++++ Material provided ++++

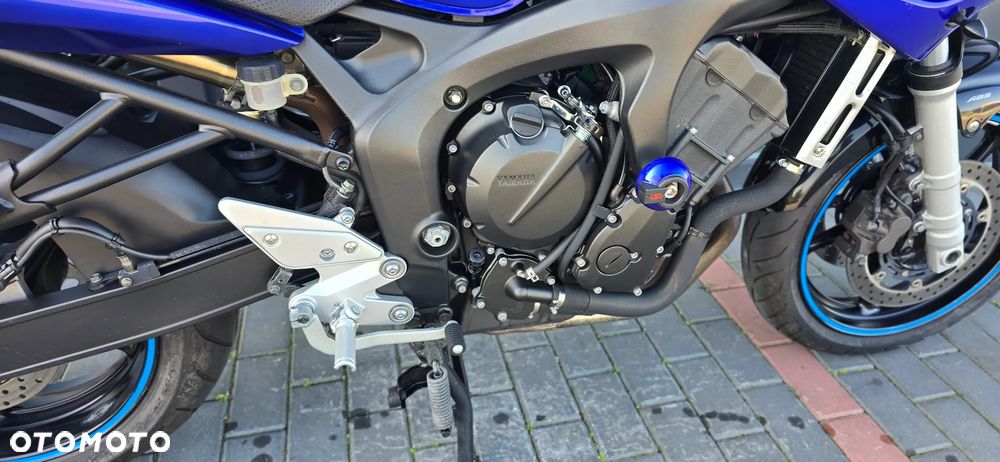 Yamaha FZ6 - 12
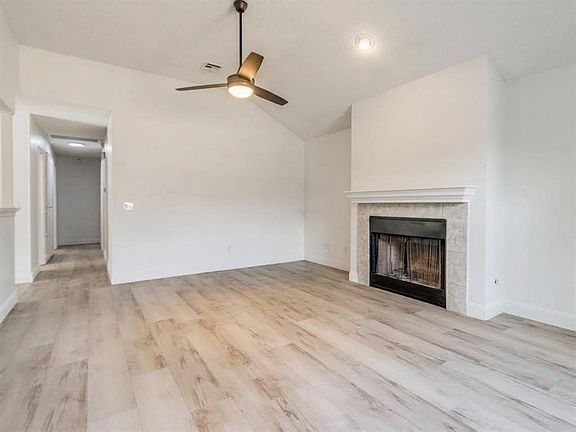 5th image of 3209 Bismarc Ln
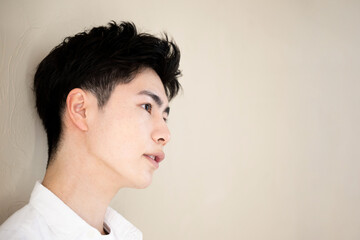 美容などにも使いやすい若いアジア系男性の顔のアップ　
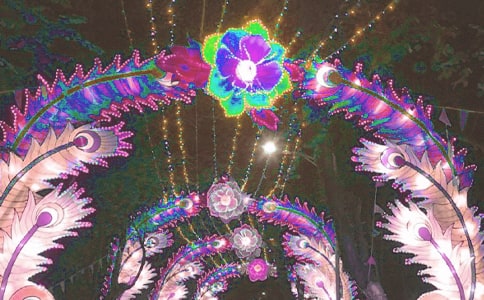 荷花燈點(diǎn)蠟 歇后語(yǔ)及解釋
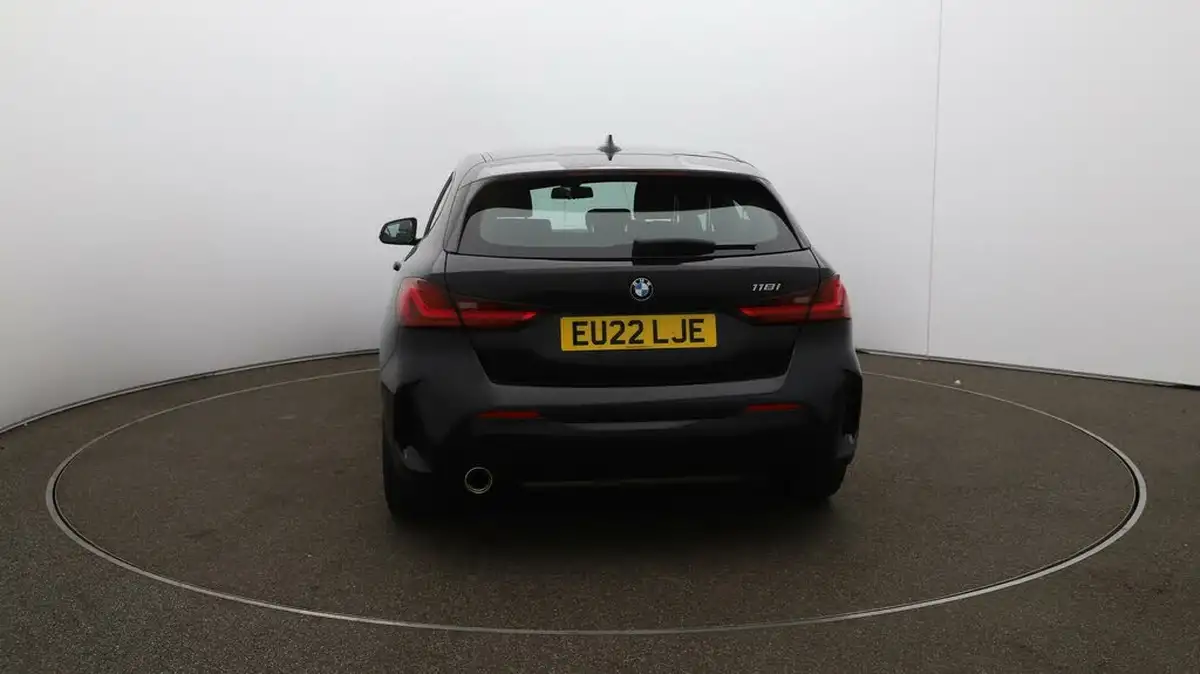 2022-bmw-1-series-15-118i-m-sport-lcp-big-58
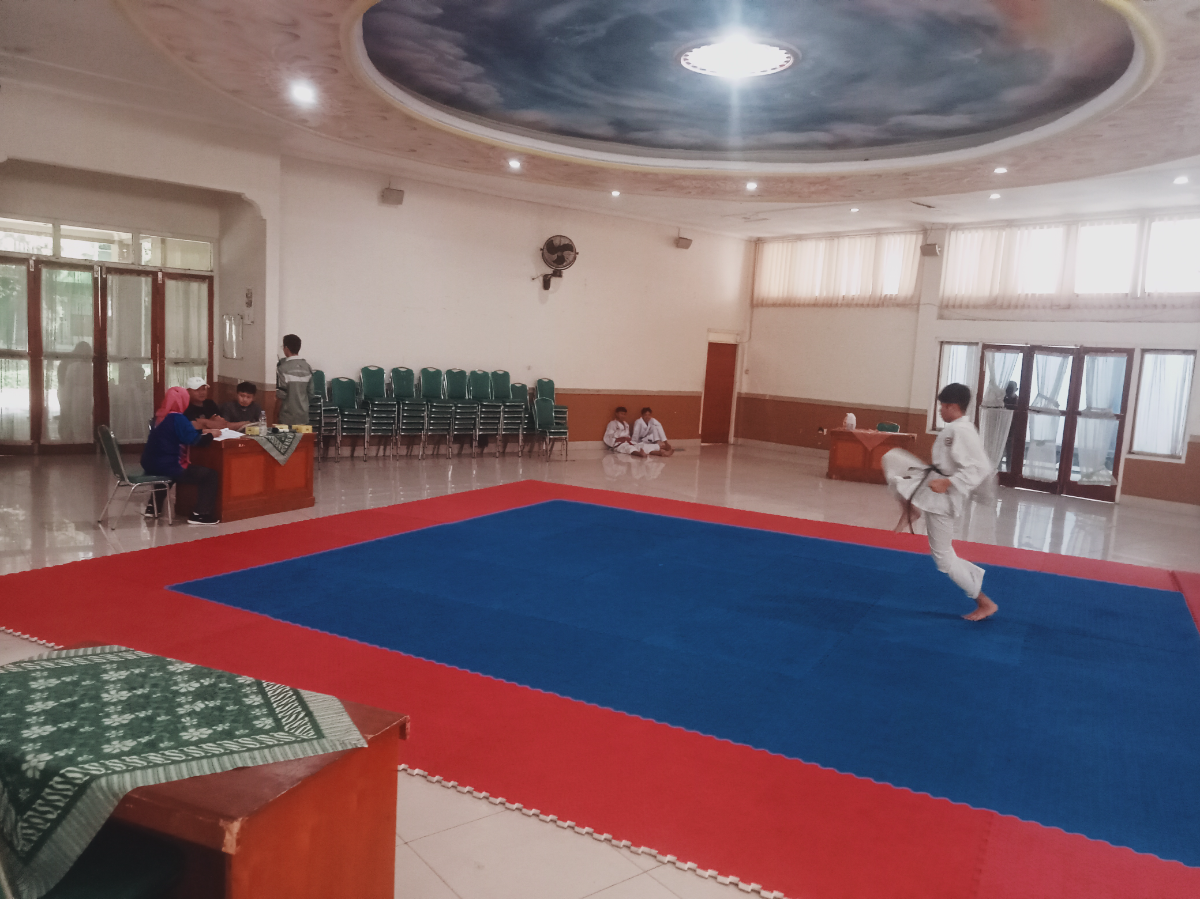 Uji kompetensi karate dalam seleksi jalur prestasi kejuaraan PPDB SMKN 1 Cimahi 
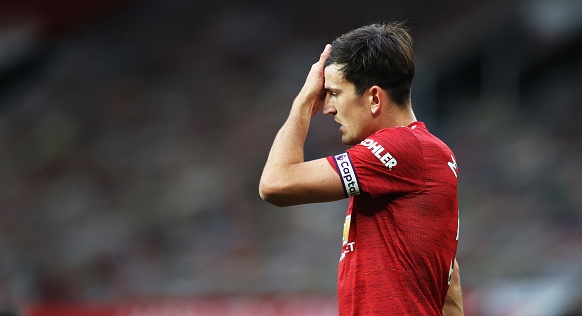 Футболен фен сътвори видео с част от лошите изяви в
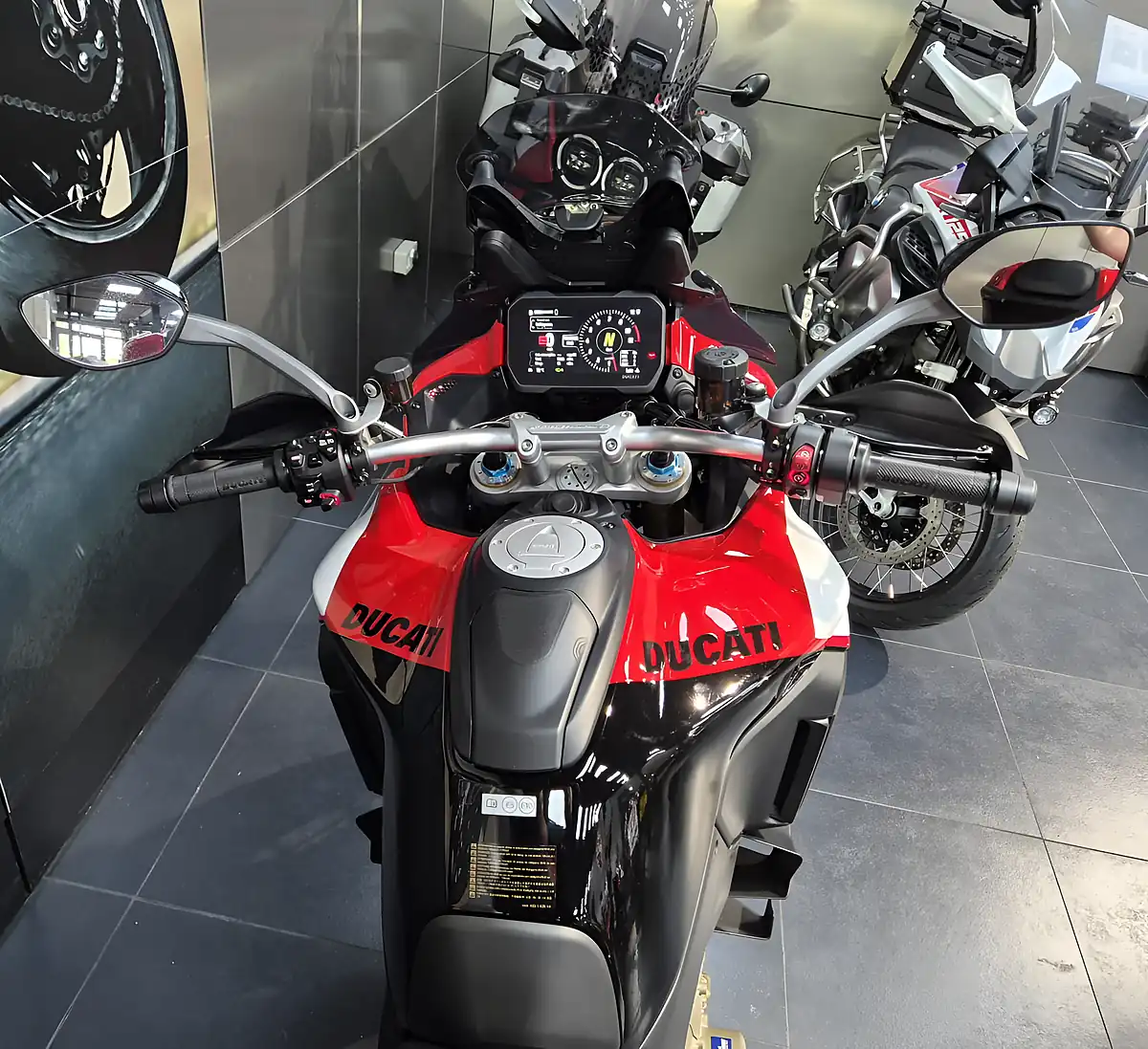 Used 2022 Ducati Multistrada V4 Pikes Peak - Interior and Exterior details 16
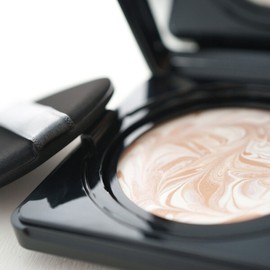 Cheongdam 30 Essence Pact Light Beige No. 21 / 청담30 에센스 팩트 라이트베이지 21호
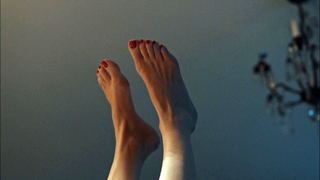 Izabela Kuna feet photo 3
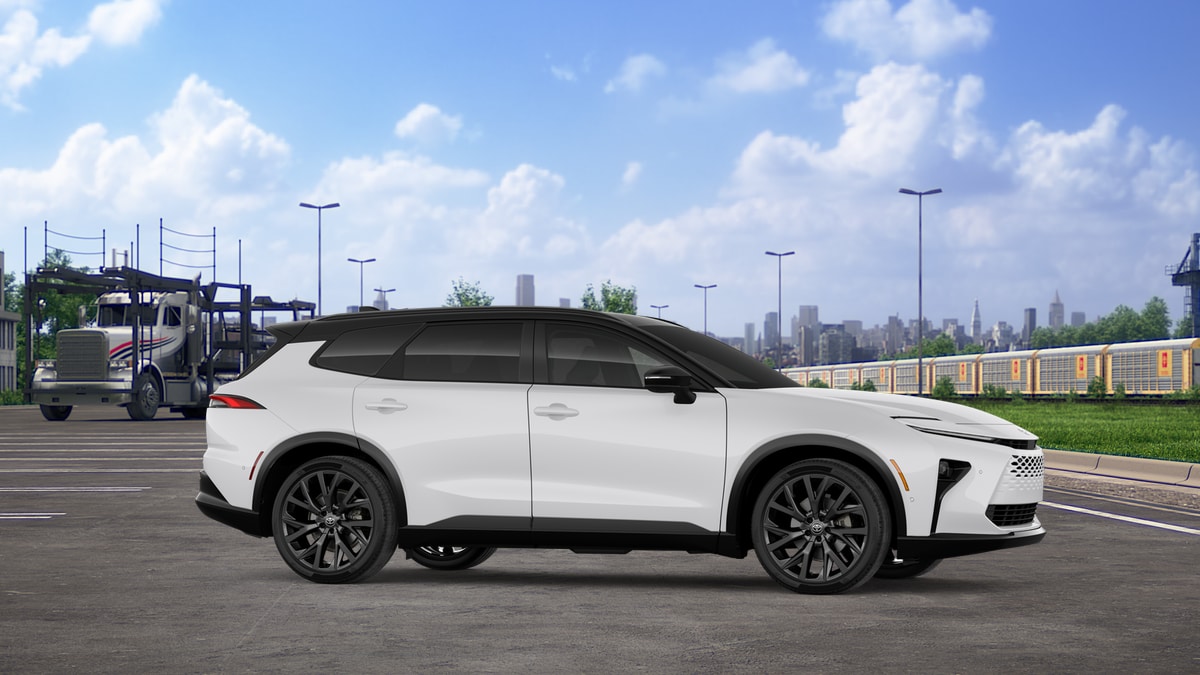 2026 Toyota Crown Signia Limited - Photo 13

++++

• **Problem details**
What you return should be the entries from above, unchanged and without their images.

• **Task result**
 Yamaha FZ6 - 12
 5th image of 3209 Bismarc Ln
 美容などにも使いやすい若いアジア系男性の顔のアップ　
 荷花燈點(diǎn)蠟 歇后語(yǔ)及解釋
 2022-bmw-1-series-15-118i-m-sport-lcp-big-58
 Uji kompetensi karate dalam seleksi jalur prestasi kejuaraan PPDB SMKN 1 Cimahi 
 Футболен фен сътвори видео с част от лошите изяви в
 Used 2022 Ducati Multistrada V4 Pikes Peak - Interior and Exterior details 16
 Cheongdam 30 Essence Pact Light Beige No. 21 / 청담30 에센스 팩트 라이트베이지 21호
 Izabela Kuna feet photo 3
 2026 Toyota Crown Signia Limited - Photo 13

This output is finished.